In Pinkava v. Yurkiw, 2009 N.Y. Slip Op 5953, 2 (2nd Dept. 2009), the Supreme Court of New York, Appellate Division, Second Department summarized the Statute of Frauds and the doctrine of part performance:
“The statue of frauds prohibits the conveyance of real property without a written contract (see General Obligations Law § 5-703). While the statute of frauds empowers courts of equity to compel specific performance of agreements in cases of part performance (see General Obligations Law § 5-703), the claimed partial performance “must be unequivocally referable to the agreement” (Messner Vetere Berger McNamee Schmetterer Euro RSCG v Aegis Group, 93 N.Y.2d 229, 235, 711 N.E.2d 953, 689 N.Y.S.2d 674 ; Luft v. Luft, 52 A.D.3d 479, 481, 859 N.Y.S.2d 694 [2d Dept.]. It is not sufficient that the oral agreement gives significance to the plaintiff’s actions. Rather, the actions alone must be ” unintelligible or at least extraordinary,’ [and] explainable only with reference to the oral agreement” (Anostario v. Vicinanzo, 59 N.Y.2d 662, 664, 450 N.E.2d 215, 463 N.Y.S.2d 409 , quoting Burns v. McCormick, 233 N.Y. 230, 232, 135 N.E. 273 ; see Adelman v. Rackis, 212 A.D.2d 559, 561, 622 N.Y.S.2d 564 [2d Dept. 1995].
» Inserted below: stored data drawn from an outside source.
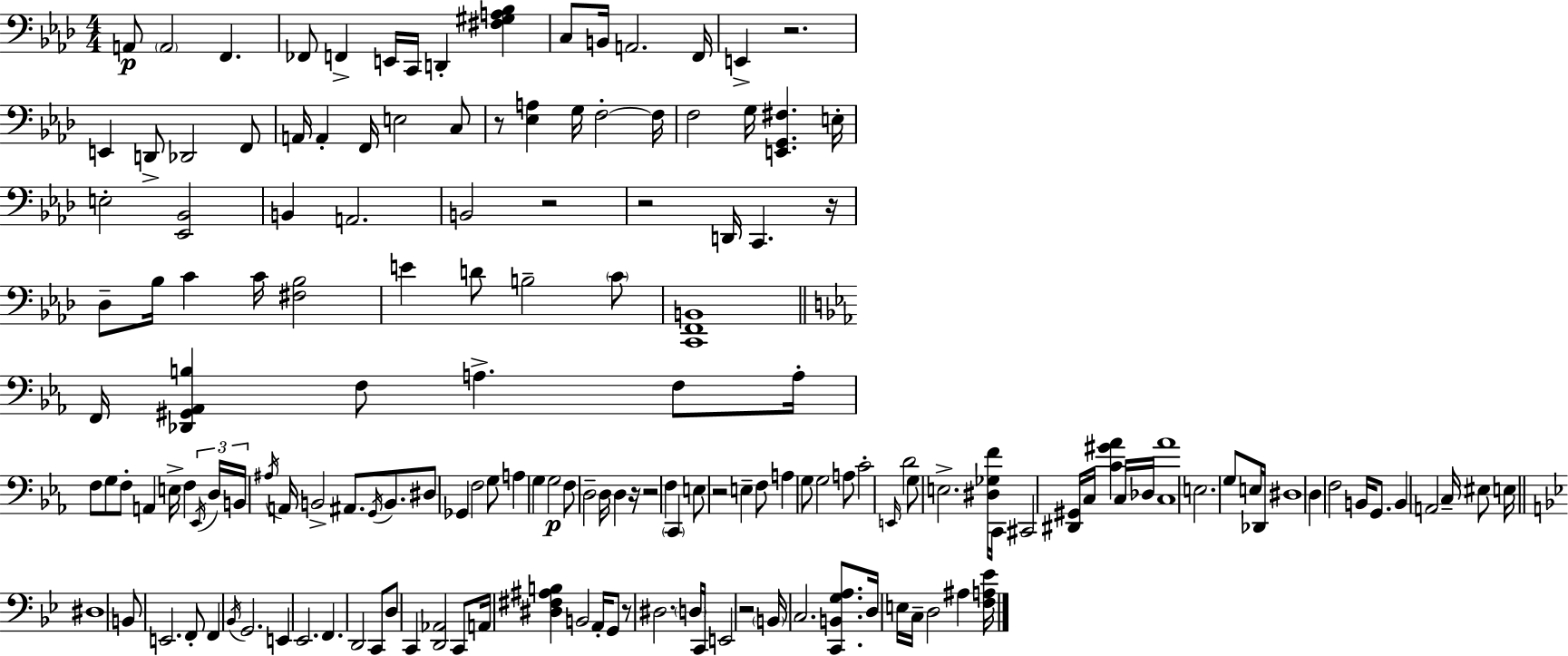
X:1
T:Untitled
M:4/4
L:1/4
K:Fm
A,,/2 A,,2 F,, _F,,/2 F,, E,,/4 C,,/4 D,, [^F,^G,A,_B,] C,/2 B,,/4 A,,2 F,,/4 E,, z2 E,, D,,/2 _D,,2 F,,/2 A,,/4 A,, F,,/4 E,2 C,/2 z/2 [_E,A,] G,/4 F,2 F,/4 F,2 G,/4 [E,,G,,^F,] E,/4 E,2 [_E,,_B,,]2 B,, A,,2 B,,2 z2 z2 D,,/4 C,, z/4 _D,/2 _B,/4 C C/4 [^F,_B,]2 E D/2 B,2 C/2 [C,,F,,B,,]4 F,,/4 [_D,,^G,,_A,,B,] F,/2 A, F,/2 A,/4 F,/2 G,/2 F,/2 A,, E,/4 F, _E,,/4 D,/4 B,,/4 ^A,/4 A,,/4 B,,2 ^A,,/2 G,,/4 B,,/2 ^D,/2 _G,, F,2 G,/2 A, G, G,2 F,/2 D,2 D,/4 D, z/4 z2 F, C,, E,/2 z2 E, F,/2 A, G,/2 G,2 A,/2 C2 E,,/4 D2 G,/2 E,2 [^D,_G,F]/4 C,,/4 ^C,,2 [^D,,^G,,]/4 C,/4 [C^G_A] C,/4 _D,/4 [C,_A]4 E,2 G,/2 E,/4 _D,,/4 ^D,4 D, F,2 B,,/4 G,,/2 B,, A,,2 C,/4 ^E,/2 E,/4 ^D,4 B,,/2 E,,2 F,,/2 F,, _B,,/4 G,,2 E,, _E,,2 F,, D,,2 C,,/2 D,/2 C,, [D,,_A,,]2 C,,/2 A,,/4 [^D,^F,^A,B,] B,,2 A,,/4 G,,/2 z/2 ^D,2 D,/4 C,,/4 E,,2 z2 B,,/4 C,2 [C,,B,,G,A,]/2 D,/4 E,/4 C,/4 D,2 ^A, [F,A,_E]/4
Significantly, the doctrine of part performance “is based on principles of equity, in particular, recognition of the fact that the purpose of the Statute of Frauds is to prevent frauds, not to enable a party to perpetrate a fraud by using the statute as a sword rather than a shield” (Nicolaides v. Nicolaides, 173 A.D.2d 448, 449-450, 569 N.Y.S.2d 968 [2nd Dept. 1991] [setting aside deed and declaring plaintiff true owner of the property], see Scutti Enters. v. Wackerman Guchone Custom Bldrs., 153 A.D.2d 83, 87, 548 N.Y.S.2d 967) [4th Dept. 1989] [option to purchase land].”
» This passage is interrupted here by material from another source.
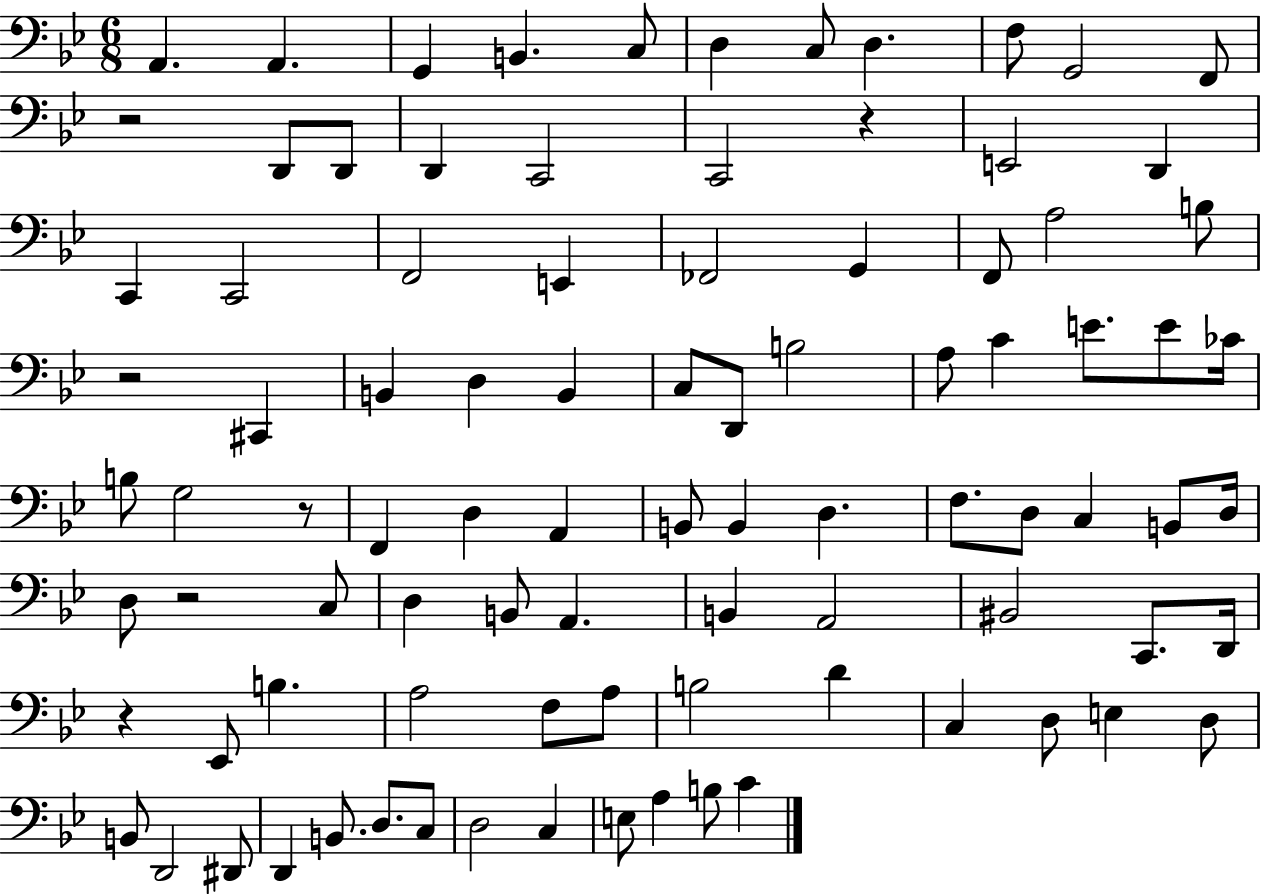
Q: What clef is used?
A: bass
Moreover, even if the written agreements do not satisfy the Statute of Frauds, the Statute is satisfied by the parties’ course of conduct and parole evidence.
“The memorandum exacted by the statute does not have to be in one document. It may be pieced together out of separate writings, connected with one another either expressly or by the internal evidence of subject matter and occasion. Marks v. Cordin, 226 N.Y. 138, 144 (1919) (citations omitted).
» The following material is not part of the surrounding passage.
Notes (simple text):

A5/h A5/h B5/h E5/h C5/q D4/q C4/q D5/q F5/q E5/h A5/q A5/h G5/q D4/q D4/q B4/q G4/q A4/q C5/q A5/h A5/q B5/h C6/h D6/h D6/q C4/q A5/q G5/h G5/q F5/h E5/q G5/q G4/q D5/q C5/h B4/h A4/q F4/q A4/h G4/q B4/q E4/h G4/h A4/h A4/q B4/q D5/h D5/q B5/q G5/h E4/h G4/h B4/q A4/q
A letter agreement or letter of intent containing all the essential terms of the contract is enforceable even where the parties may have intended to negotiate a fuller agreement in the future. Conopco, Inc. v. Wathne Ltd., 190 A.D.2d 587, 593 N.Y.S.2d 787 (1st Dept. 1993); see Bed Bath & Beyond Inc. v. Ibex Construction, LLC, 52 A.D.3d 413, 860 N.Y.S.2d 107 (1st Dept. 2008); Hajdu Nemeth v. Zachariou, 309 A.D.2d 578, 765 N.Y.S.2d 597 (1st Dept. 2003); Lo Cascio v. James V. Aquavella, M.D., P.C., 206 A.D.2d 96, 619 N.Y.S.2d 430 (4th Dept. 1994). Even an unsigned binder that contains material terms can be used as evidence of an oral agreement and satisfy the Statute of Frauds. Dickson v. Mitchell, 87 A.D.2d 697, 697-99 (3d Dept. 1982). The absence of a term such as an amortization table or monthly mortgage payment is not a material omission because it is readily ascertainable. Id.